WORK REQUIRED -> Your answer should restate each line of the data below word for word.

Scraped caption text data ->
§
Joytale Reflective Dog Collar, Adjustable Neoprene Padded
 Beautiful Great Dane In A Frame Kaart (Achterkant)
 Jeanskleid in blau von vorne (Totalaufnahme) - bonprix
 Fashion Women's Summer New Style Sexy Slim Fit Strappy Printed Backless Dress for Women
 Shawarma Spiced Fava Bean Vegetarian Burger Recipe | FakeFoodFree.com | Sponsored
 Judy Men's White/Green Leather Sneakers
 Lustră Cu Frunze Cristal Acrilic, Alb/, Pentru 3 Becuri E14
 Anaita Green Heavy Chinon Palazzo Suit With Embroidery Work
§
WORKED SOLUTION ->
Joytale Reflective Dog Collar, Adjustable Neoprene Padded
 Beautiful Great Dane In A Frame Kaart (Achterkant)
 Jeanskleid in blau von vorne (Totalaufnahme) - bonprix
 Fashion Women's Summer New Style Sexy Slim Fit Strappy Printed Backless Dress for Women
 Shawarma Spiced Fava Bean Vegetarian Burger Recipe | FakeFoodFree.com | Sponsored
 Judy Men's White/Green Leather Sneakers
 Lustră Cu Frunze Cristal Acrilic, Alb/, Pentru 3 Becuri E14
 Anaita Green Heavy Chinon Palazzo Suit With Embroidery Work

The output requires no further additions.